Liz shrugged. "Like father, like son. Every single thing, every pot and plate, every stick of furniture belonged to the old man as far as he was concerned." She fished in her bag and pulled out a box wrapped in blue paper and tied with a silver bow. "Here," she said, handing it to me. "They have bad juju."

"Bad juju?" I said.

Liz narrowed her blue eyes at me. "Don't make fun. There are things out there that we don't understand."

She was going on about curses and bad juju because she was worried, I realized. "Rose is going to be all right," I said, reaching over and laying my hand on her arm for a moment.

Liz nodded. "I've been telling her for years that she's hard headed."

Mr. P. joined us then. "Sarah, I'm glad you're here," he said. The smile he gave me was a small one and like Liz, the lines on his face seemed to be etched just a little deeper. "Rosie told me not to call you." He glanced at Liz. "So I called Elizabeth instead."

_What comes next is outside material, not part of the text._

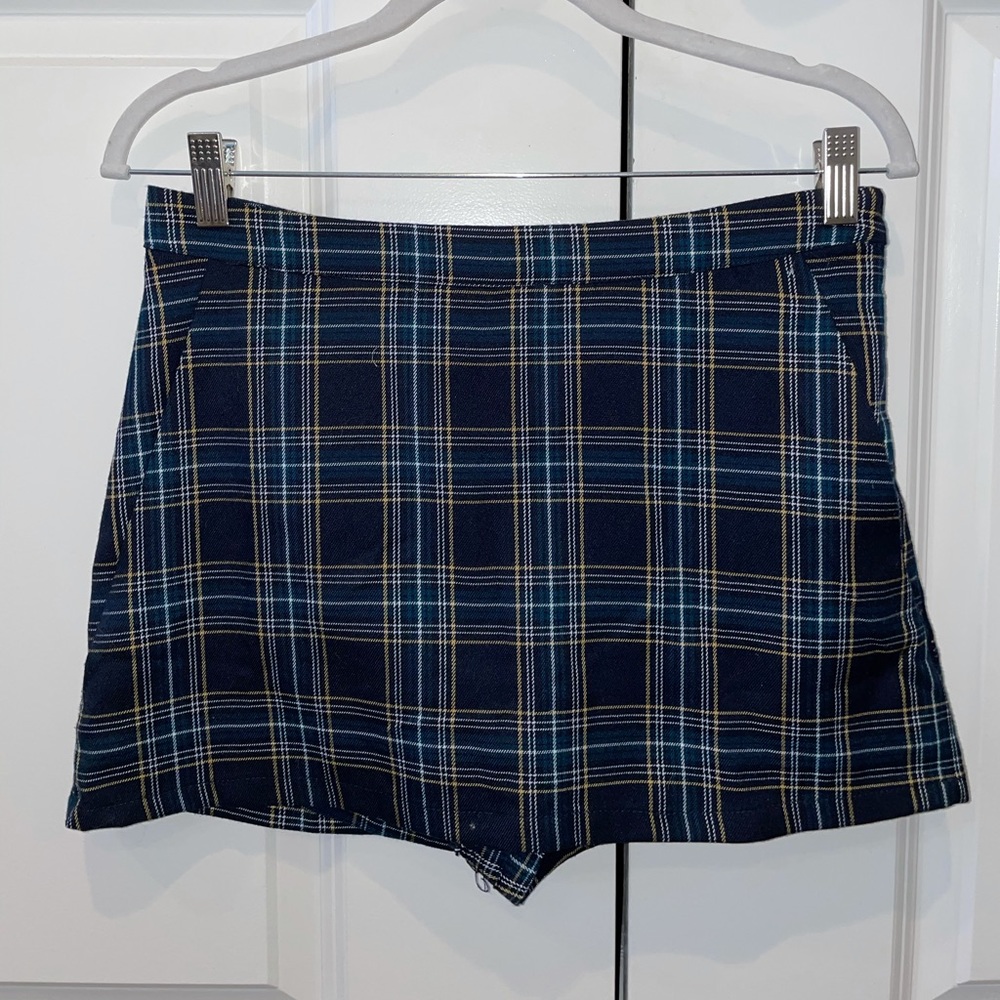 Plaid mini skort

"Rose went to Windspeare Point," I said.

"I didn't know, my dear," Mr. P. said. "I assure you that if I had known, I would have stopped her." He adjusted his glasses and smoothed down the few wisps of hair he had left, then he looked back over his shoulder. The closed door he'd been standing next to was open now. "I think the doctor is finished."

"Let's go," Liz said.

"Isn't there a two visitor limit?" I asked.

"Doesn't apply to us," she said over her shoulder without turning around.

Mr. P. patted my arm. "It's not the first rule that doesn't seem to apply to us," he said to me as we followed Liz toward Rose's room.